■ **Activity**:
Retype the listing exactly, with no images.

■ **Stored data**:
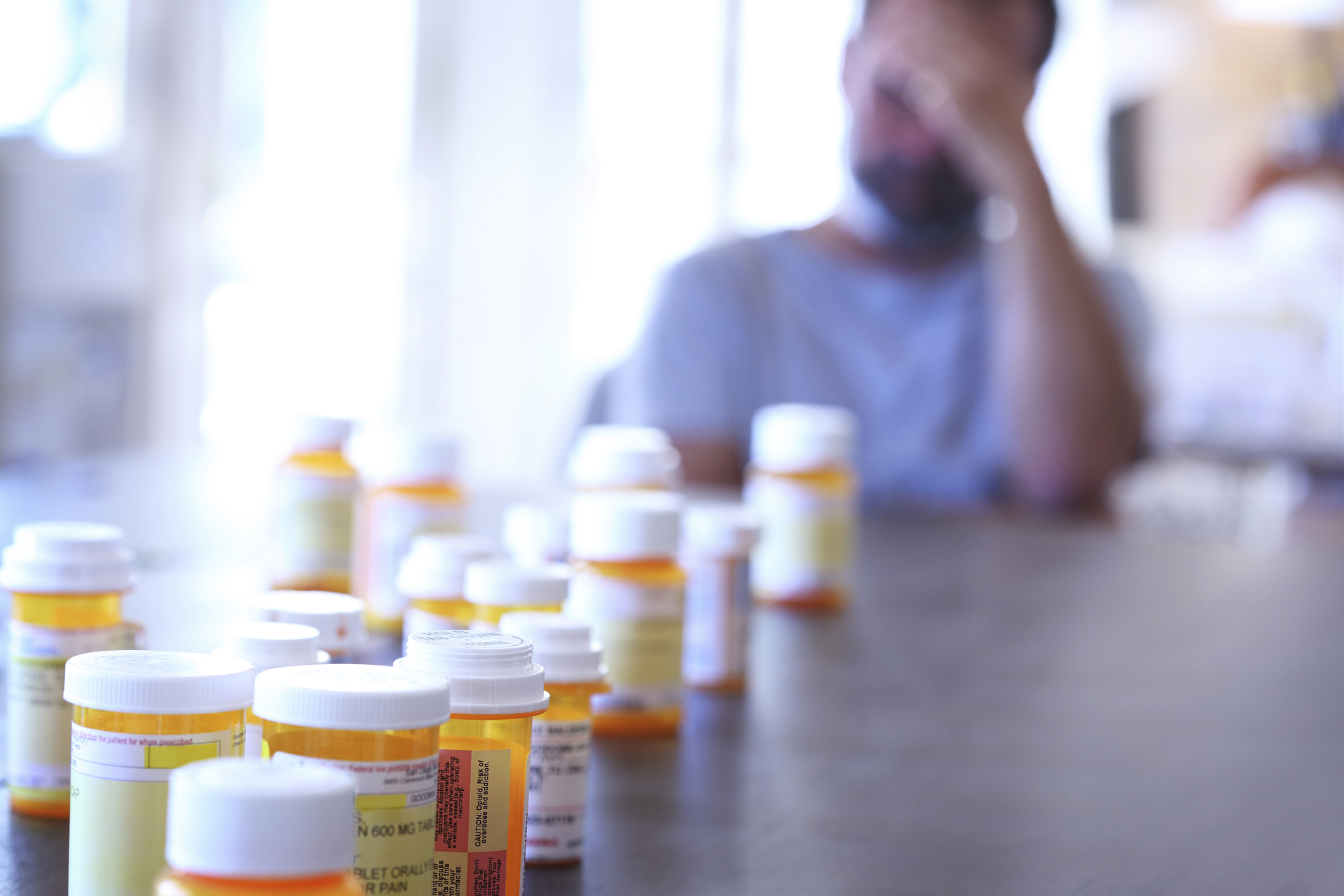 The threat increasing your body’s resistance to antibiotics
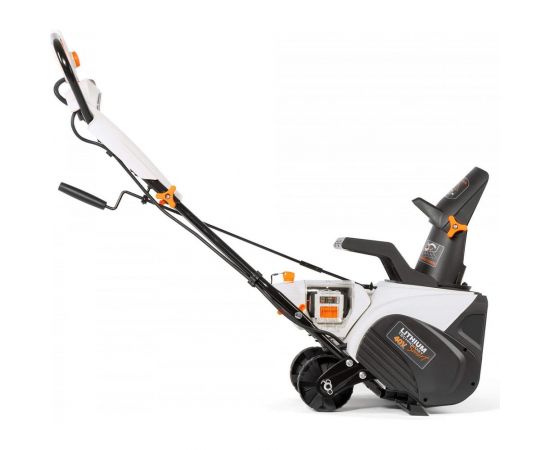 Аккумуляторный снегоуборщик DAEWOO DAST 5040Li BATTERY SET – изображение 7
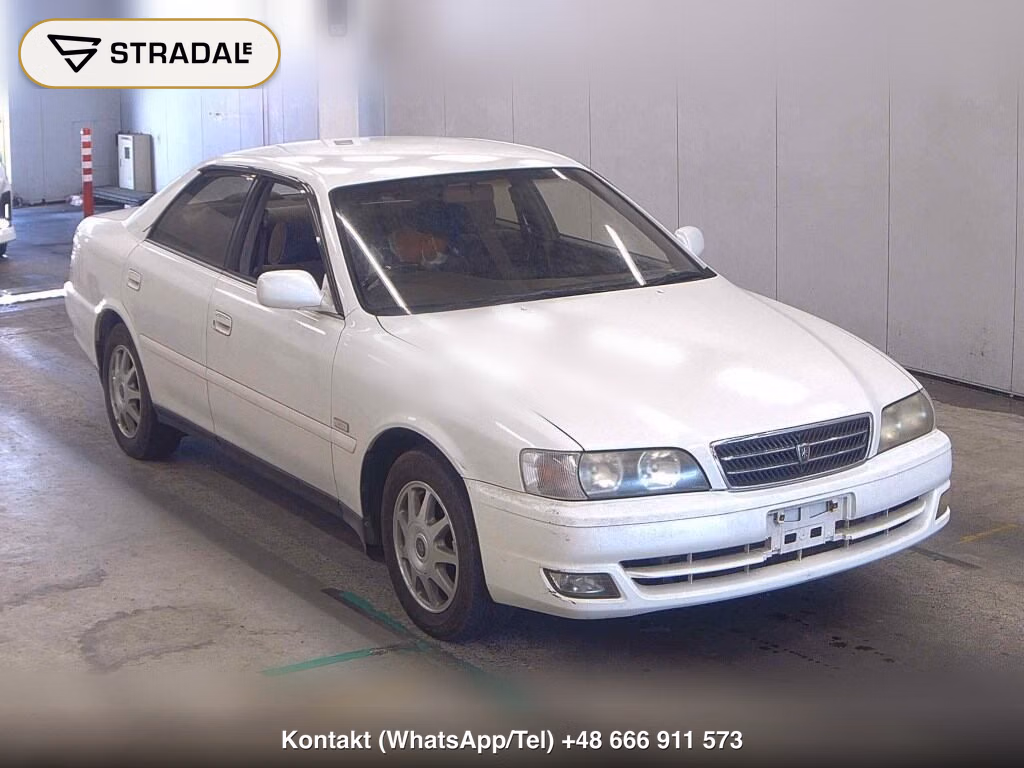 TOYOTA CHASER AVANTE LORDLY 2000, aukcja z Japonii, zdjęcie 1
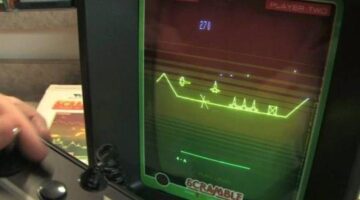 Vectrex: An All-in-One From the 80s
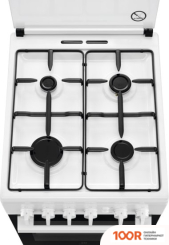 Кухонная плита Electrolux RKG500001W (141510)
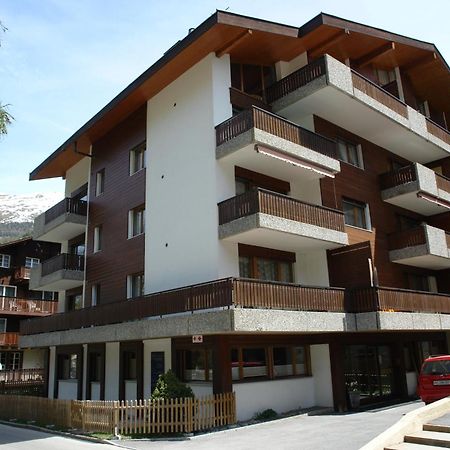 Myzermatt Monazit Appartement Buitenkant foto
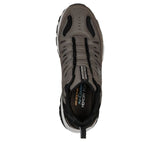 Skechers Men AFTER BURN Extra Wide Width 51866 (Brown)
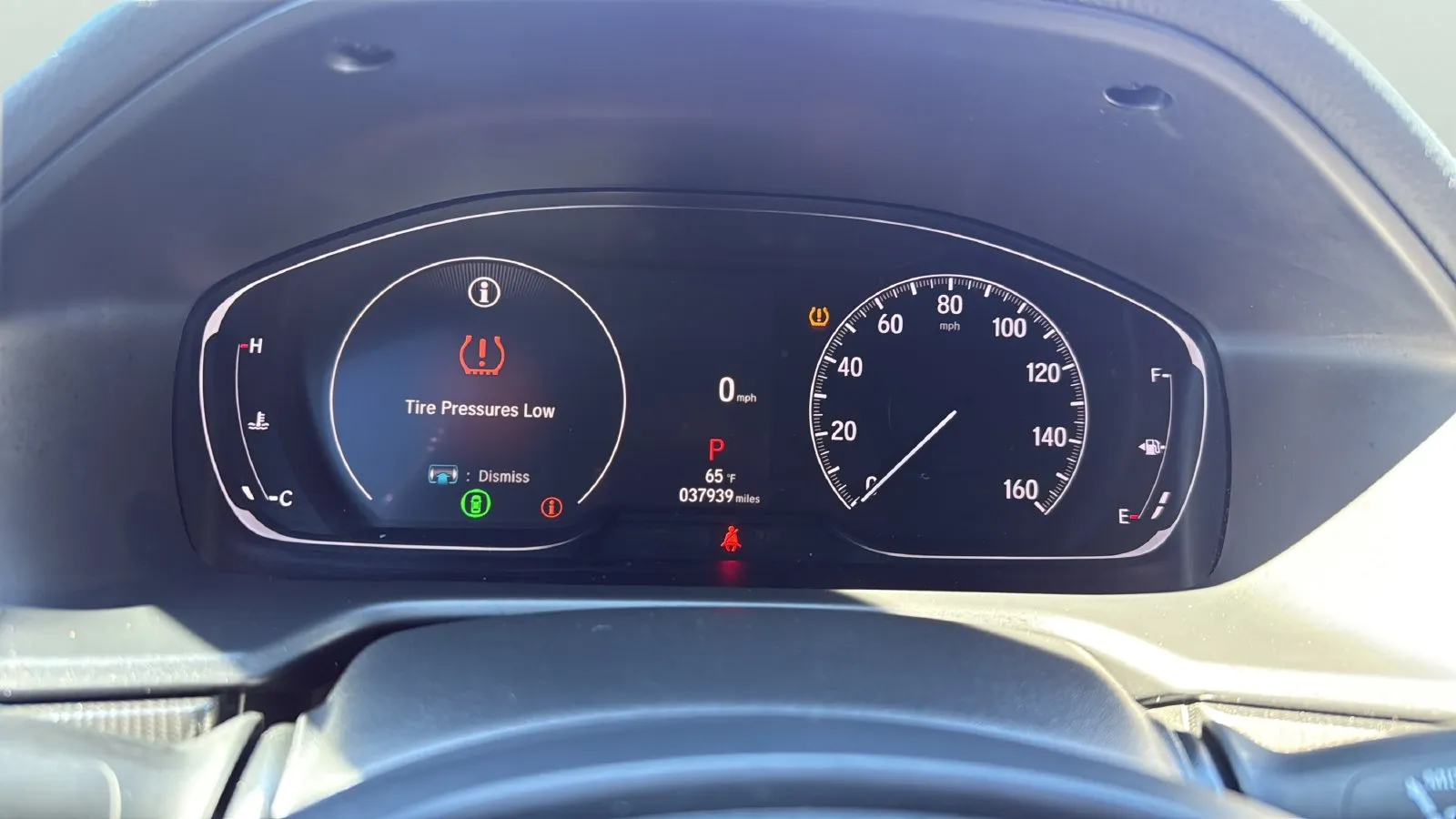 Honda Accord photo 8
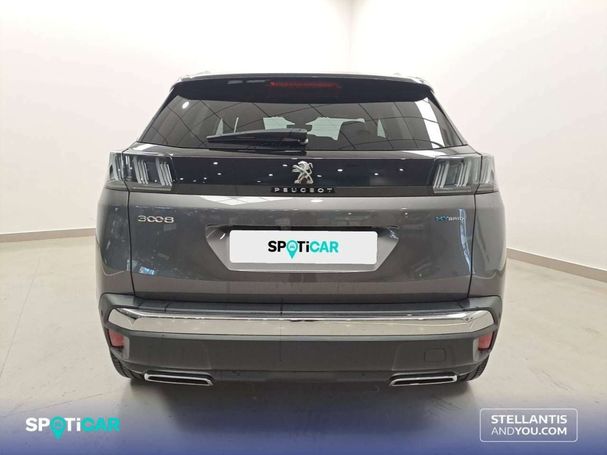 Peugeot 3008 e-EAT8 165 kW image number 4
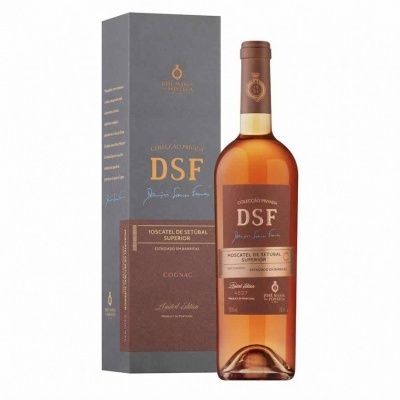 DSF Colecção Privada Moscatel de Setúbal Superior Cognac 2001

■ **Final answer**:
 The threat increasing your body’s resistance to antibiotics
 Аккумуляторный снегоуборщик DAEWOO DAST 5040Li BATTERY SET – изображение 7
 TOYOTA CHASER AVANTE LORDLY 2000, aukcja z Japonii, zdjęcie 1
 Vectrex: An All-in-One From the 80s
 Кухонная плита Electrolux RKG500001W (141510)
 Myzermatt Monazit Appartement Buitenkant foto
 Skechers Men AFTER BURN Extra Wide Width 51866 (Brown)
 Honda Accord photo 8
 Peugeot 3008 e-EAT8 165 kW image number 4
 DSF Colecção Privada Moscatel de Setúbal Superior Cognac 2001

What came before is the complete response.